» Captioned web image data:
------------------------------------------------------------

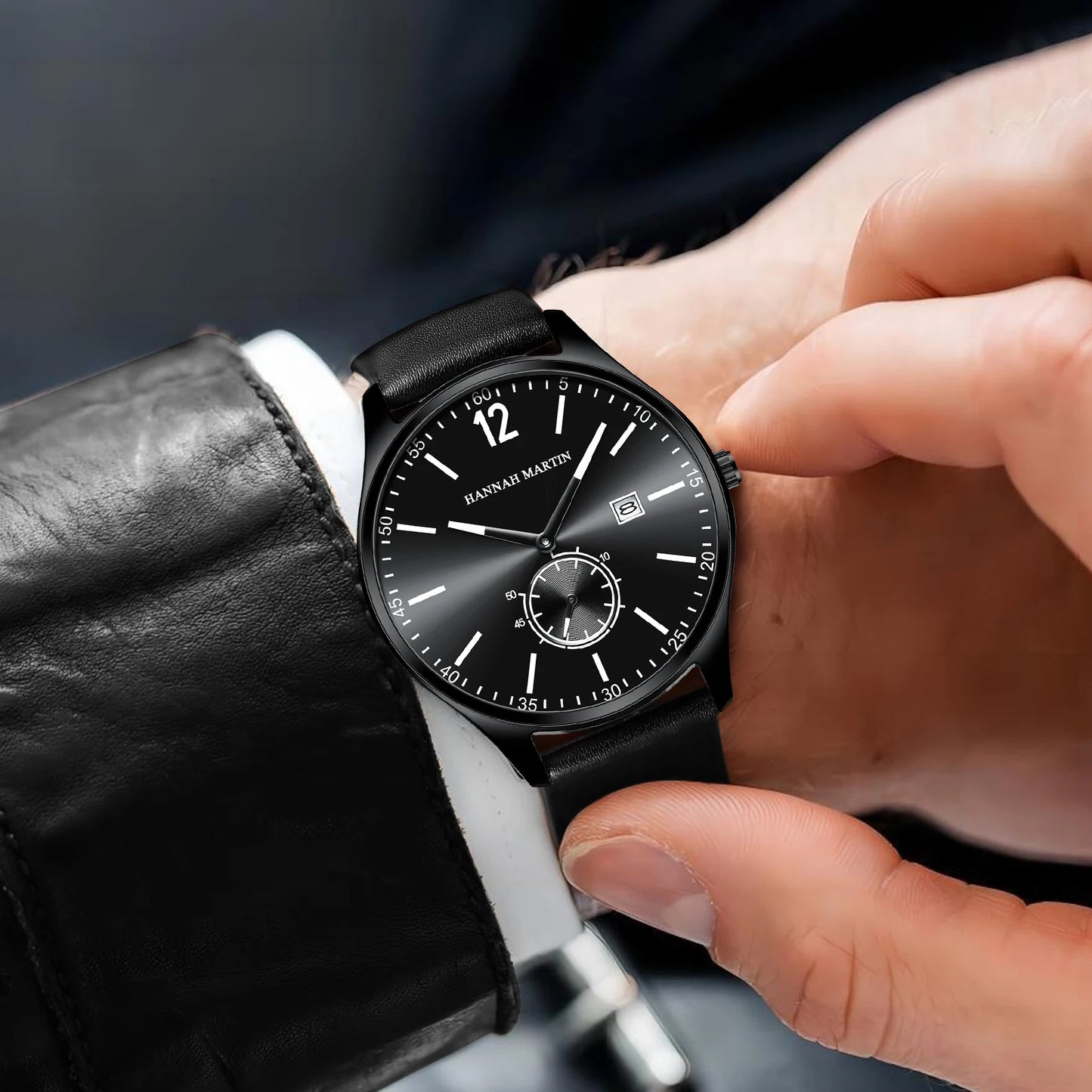 Relógio Masculino Pulseira de Couro Quartzo Hannah Martin Business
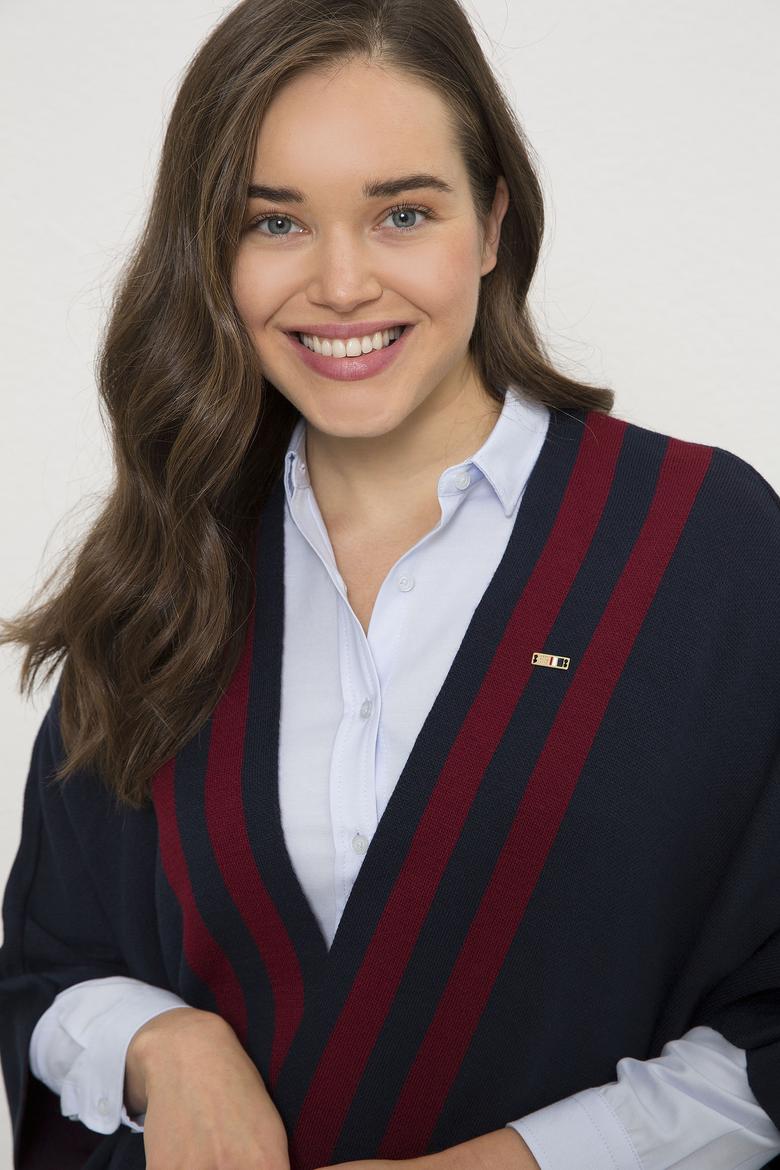 Kadın Lacivert Triko Panço - 50223975005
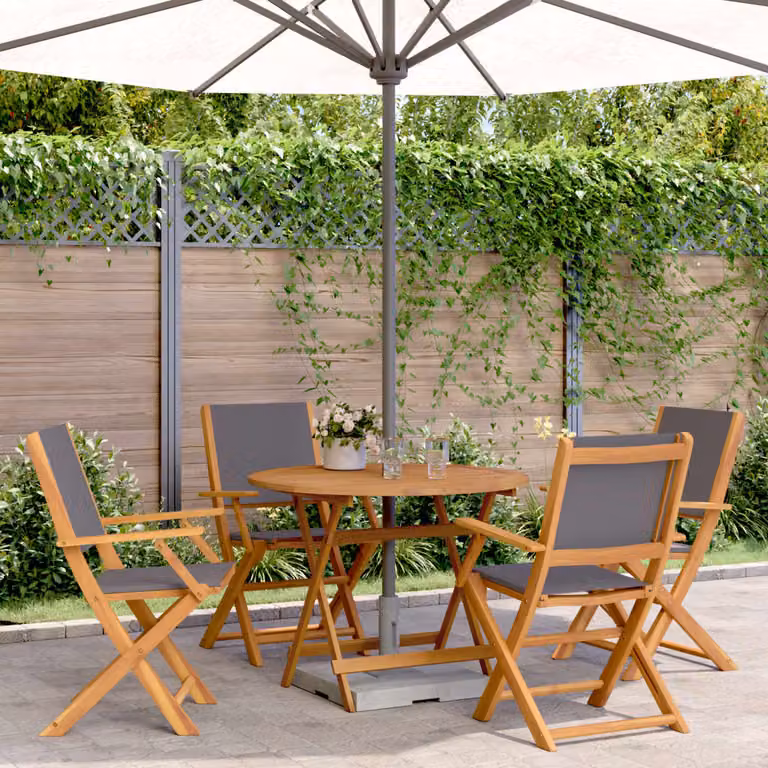Set da pranzo da giardino vidaXL in legno di acacia oliato e tessuto antracite, composto da 5 pezzi con tavolo rotondo e sedie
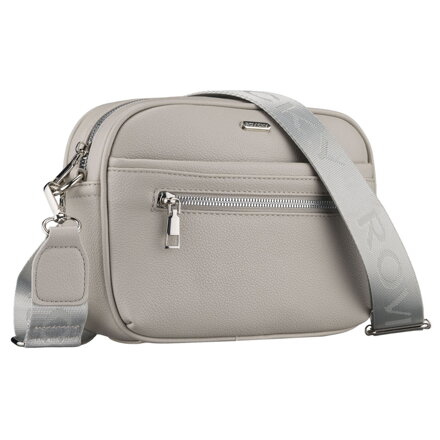 Sivá dámska crossbody kabelka Rovicky z ekologickej kože na zips
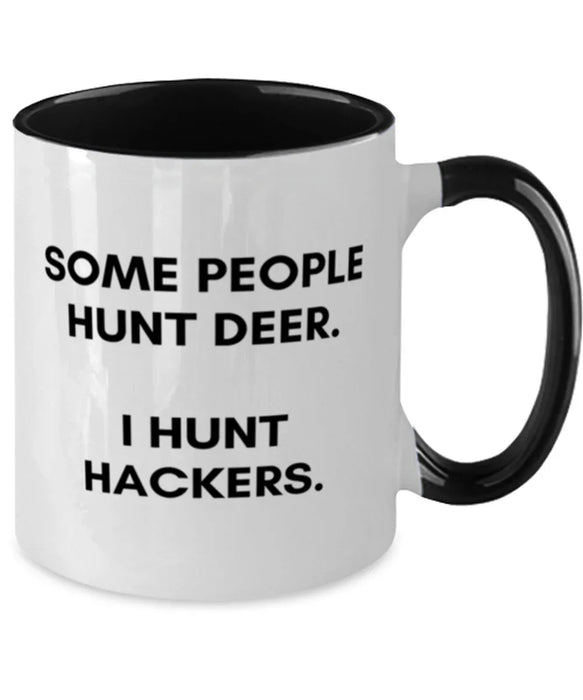 Cyber Security Analyst, Technician, CISO Coffee Mug, I Hunt Hackers, Chief Information Security Officer, Cyber Security Analyst, Technician, CISO Funny, Inappropriate, Gag, Coffee Mug Black Two Tone, Gift for Cyber Security Analyst, Technician, CISO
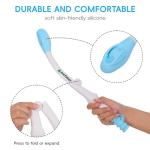 Wefaner Foldable Toilet Aid, 15.6“ Long Comfort Wipe Wand Bottom Buddy Toilet Self Tissue Aids for Toileting, Self Help Wipe Butt for Overweight Limited Mobility,Elderly, Pregnancy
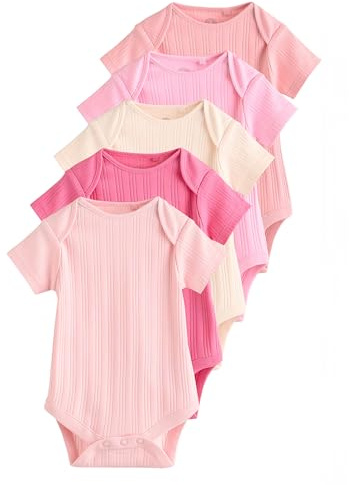 NEXT Baby Mädchen Standard Gerippte Kurzarm-Bodys 100% Baumwolle, 5 Stk.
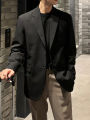 Menswear Classic Blazer Mens Casual Lightweight Jacket Autumn Korean Style Black Coat Fashion High Street Single-breasted Blazer.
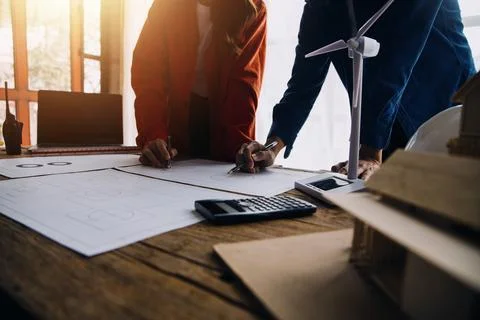 Construction concept of Engineer and Architect working at Construction Site.. Foto stock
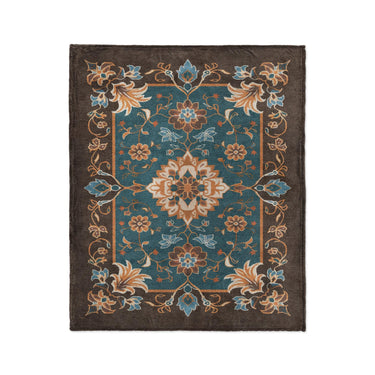 Miriam Dark Teal & Brown in Medium (50" x 60") Size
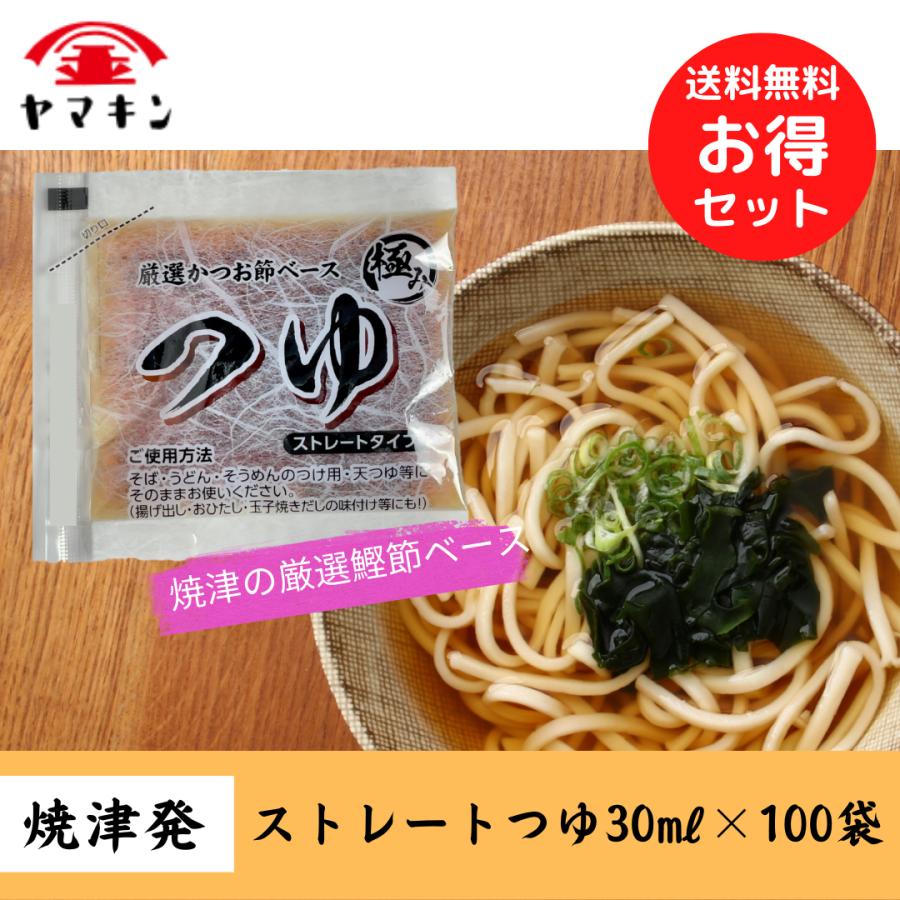 ストレートつゆ 30ML×100袋  めんつゆ　つゆ　うどんつゆ　そばつゆ　小袋つゆ　小袋めんつゆ　お弁当 | 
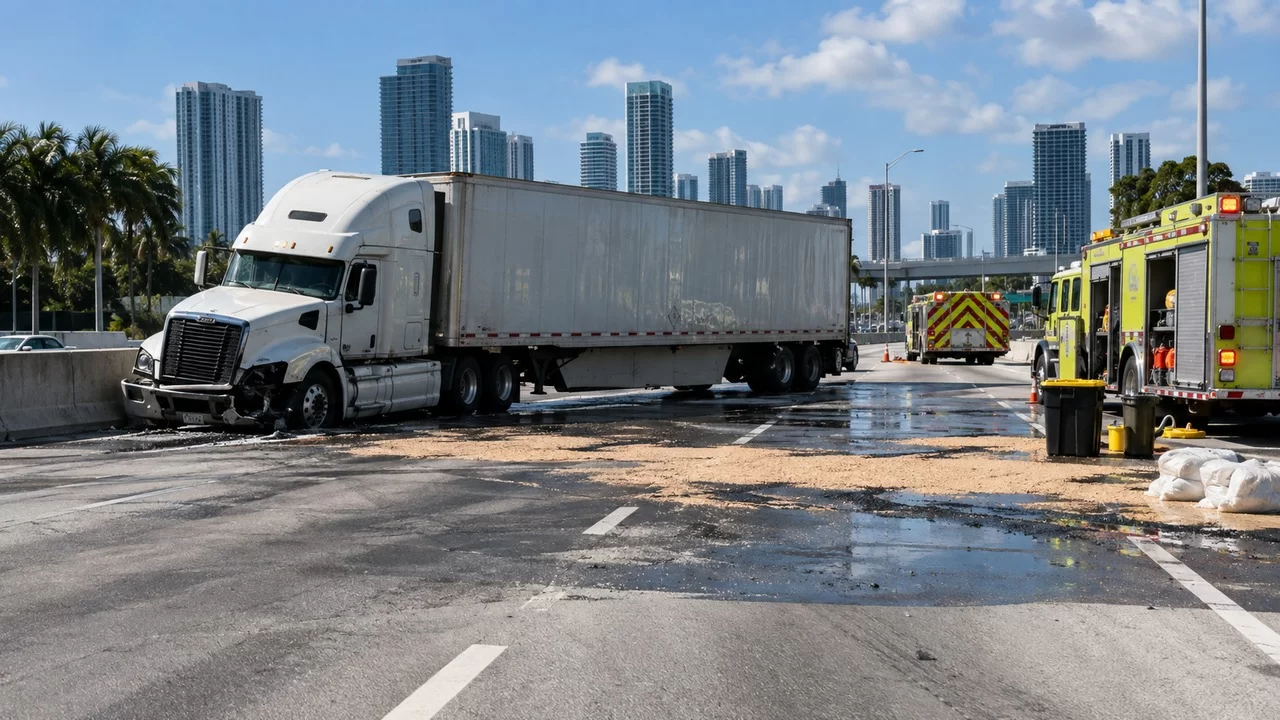 Tractor-Trailer Crash Spills Fuel on Dolphin Expressway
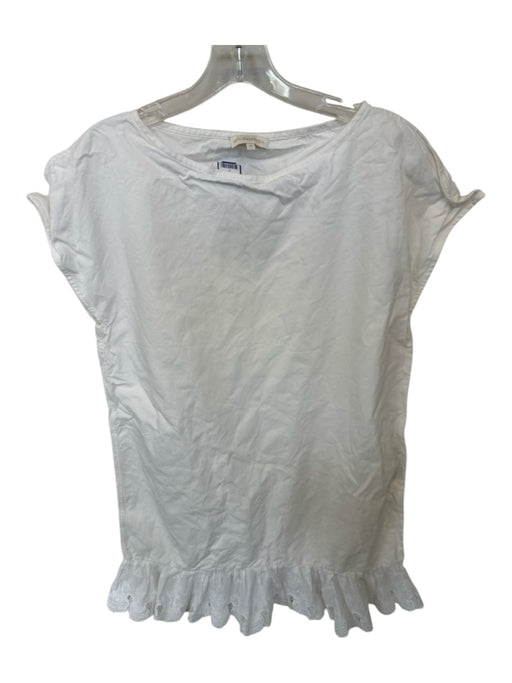 Ann Mashburn Size M White Cotton Short Sleeve Lace Trim Dress White / M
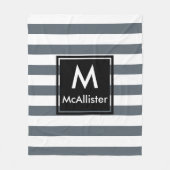 Couverture Polaire Moderne épaisse rayures blanches Carré noir Monogr (Devant)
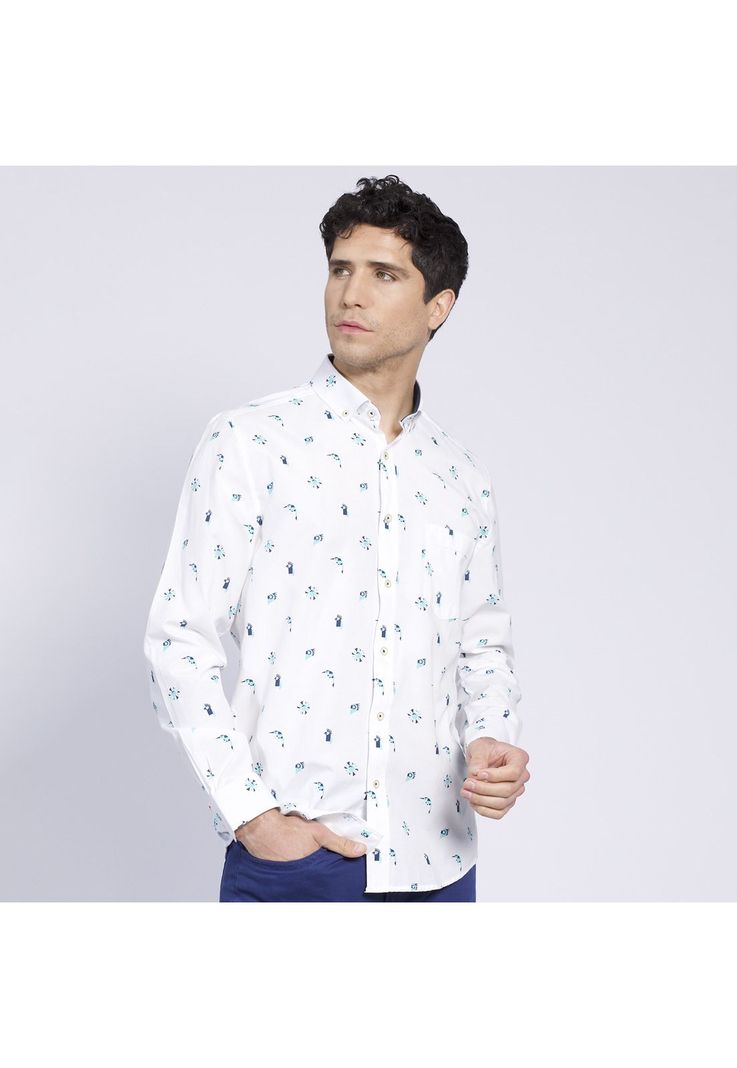 Camisa Manga Larga Oxford Estampada Slim Fit Botón Cuello Azul-2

------------------------------------------------------------

» Directions for this task:
The reply should hold an exact repeat of the entries from their opening line through the line with "Sivá dámska crossbody", and no pictures at all.

» Completed exercise:
 Relógio Masculino Pulseira de Couro Quartzo Hannah Martin Business
 Kadın Lacivert Triko Panço - 50223975005
Set da pranzo da giardino vidaXL in legno di acacia oliato e tessuto antracite, composto da 5 pezzi con tavolo rotondo e sedie
 Sivá dámska crossbody kabelka Rovicky z ekologickej kože na zips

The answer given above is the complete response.